Please repeat exactly the lines from the one containing "In this video, we" through the last line of the records below, both included, and leave out any pictures.

Top of PROVIDED DATA

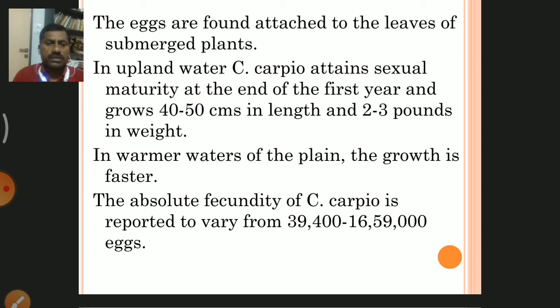In upland waters, Cyprinus carpio attains sexual maturity at the end of the first year, growing 40 to 50 centimetres in length and 2 to 3 pounds in weight. In warmer tropical waters, the growth rate is fastest compared to cold regions. The absolute fecundity — meaning egg-laying capacity — is reported to vary from 39,400 to 6,059,000 eggs per single female.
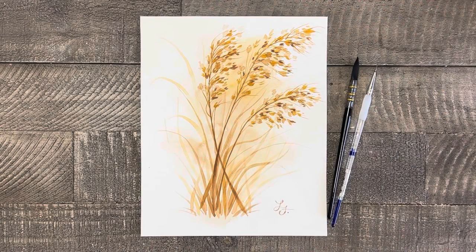Welcome to Liesl's Artistic Studio. Today I'm going to teach you how you can paint this autumn time grass. I'm really excited for today's tutorial because not only is it beautiful and festive but also extremely easy. So let's get started and don't forget to like and subscribe.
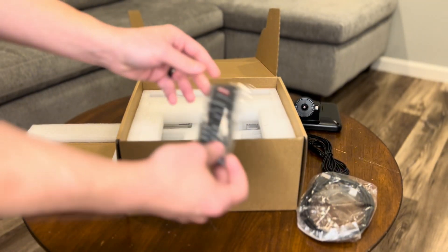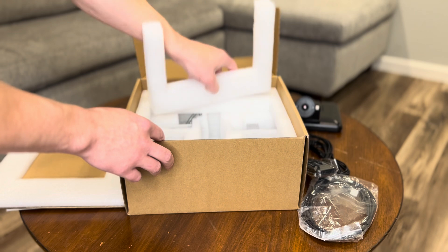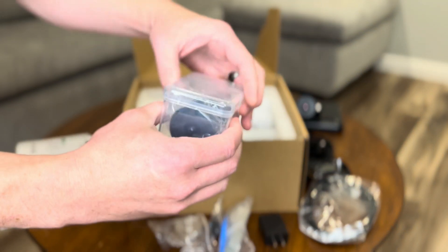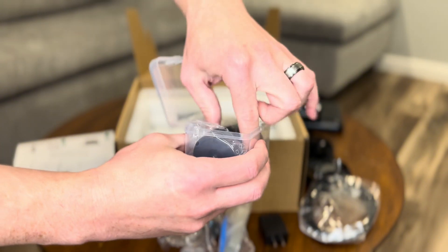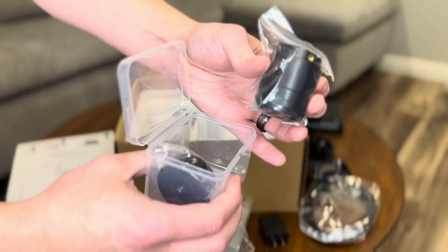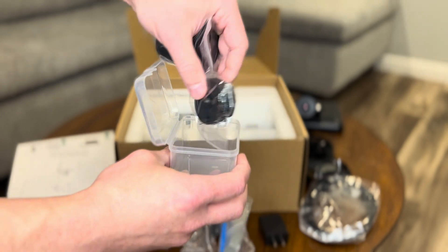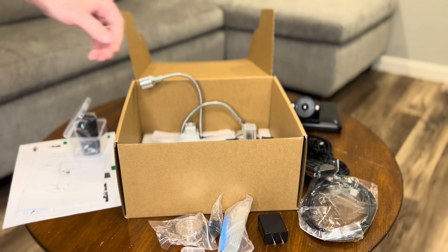This model comes with three different lenses. One is already attached, and the other two come in a little carrying case. The different lenses are used for different types of magnification. It also comes with an adjustable stand, which is essential for getting those perfect viewing angles.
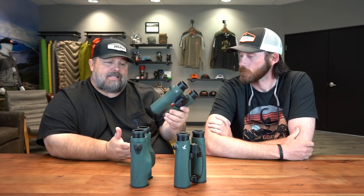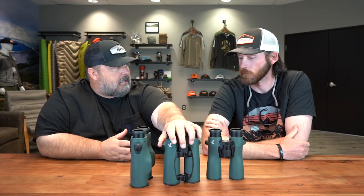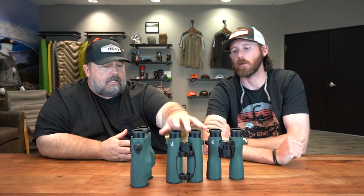What are the biggest similarities and differences between the standby ELs and the new Pures? The optical performance is going to be really, really close. The 10x42 NL Pures get the slight edge simply because of that field of view. But at $2,199, the EL is still one of the best pieces of glass on the planet — still the gold standard. Light transmission on both is phenomenal.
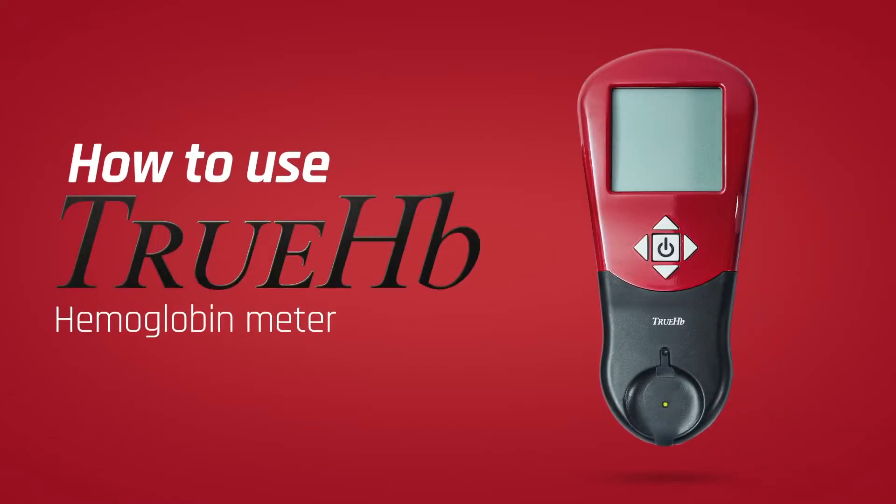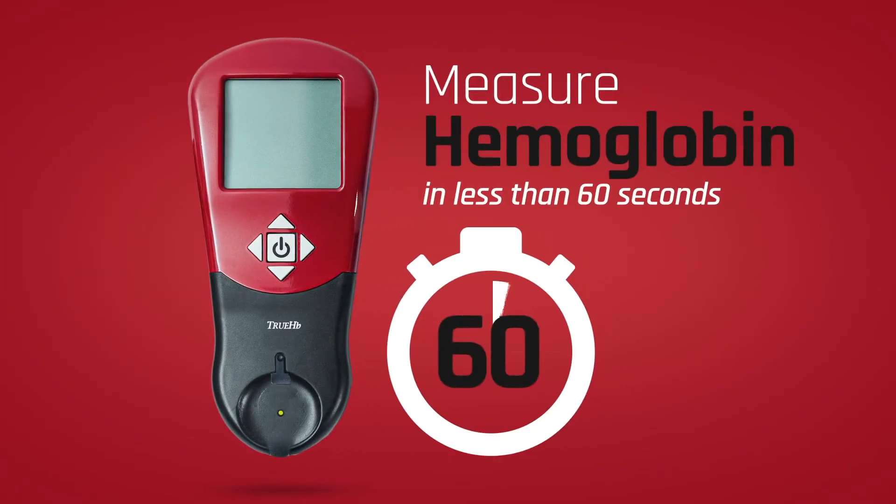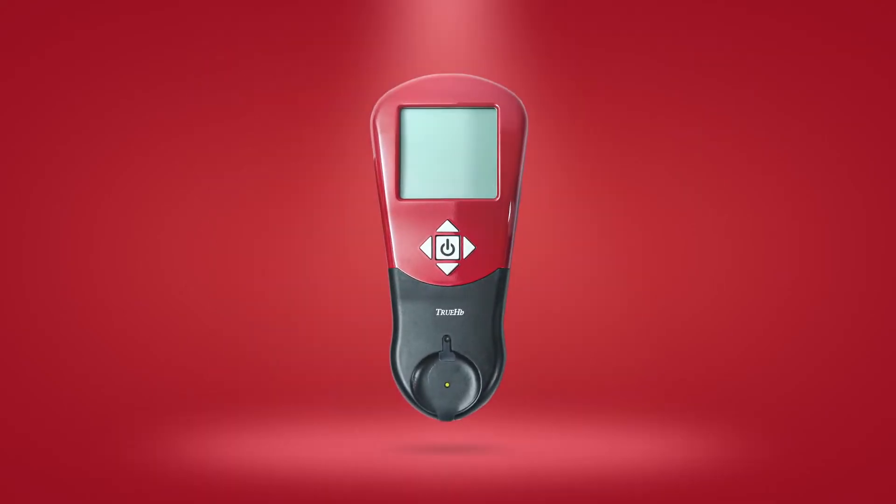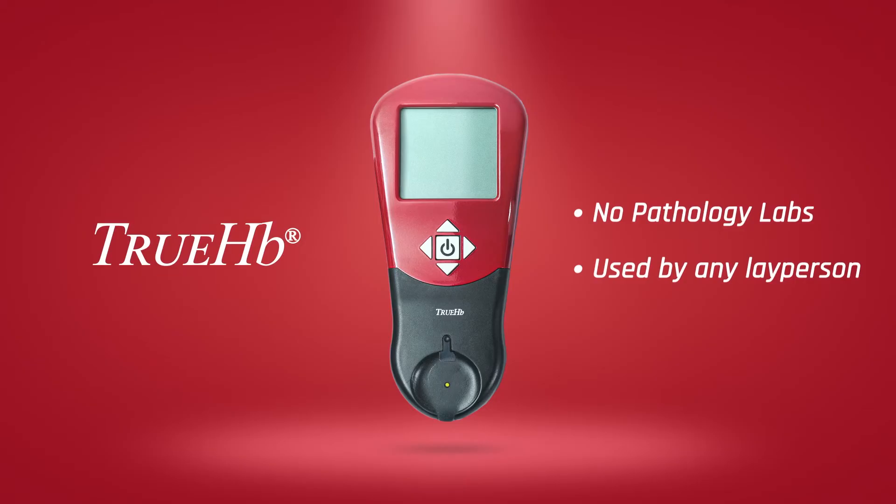In this video, we walk you through how to use TrueHB hemoglobin meter. TrueHB hemoglobin meter is used to measure hemoglobin in the whole blood in less than 60 seconds at home. Now you don't have to go to the pathology labs to get yourself tested.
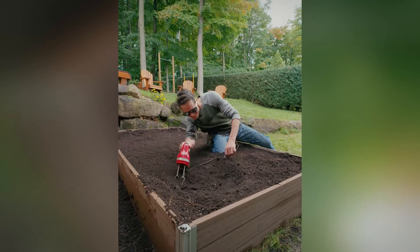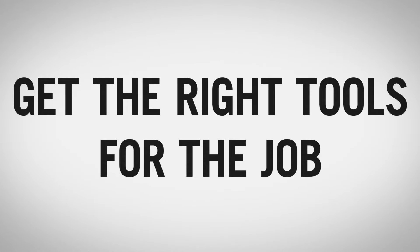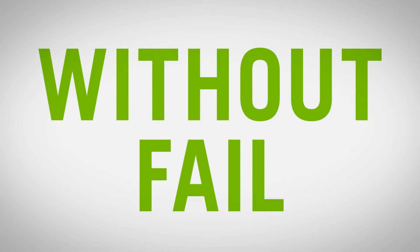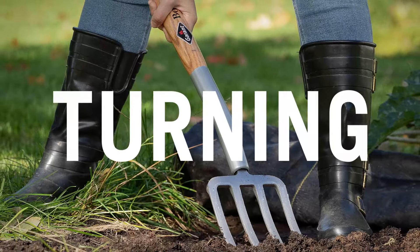Need tools for your outdoor work? With Garant Garden Tools you always get the right tools for the job without fail. Like our four-tine tempered steel fork, perfect for aerating, turning and spading.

Bottom of PROVIDED DATA

*RESPONSE*.
In this video, we walk you through how to use TrueHB hemoglobin meter. TrueHB hemoglobin meter is used to measure hemoglobin in the whole blood in less than 60 seconds at home. Now you don't have to go to the pathology labs to get yourself tested.
Need tools for your outdoor work? With Garant Garden Tools you always get the right tools for the job without fail. Like our four-tine tempered steel fork, perfect for aerating, turning and spading.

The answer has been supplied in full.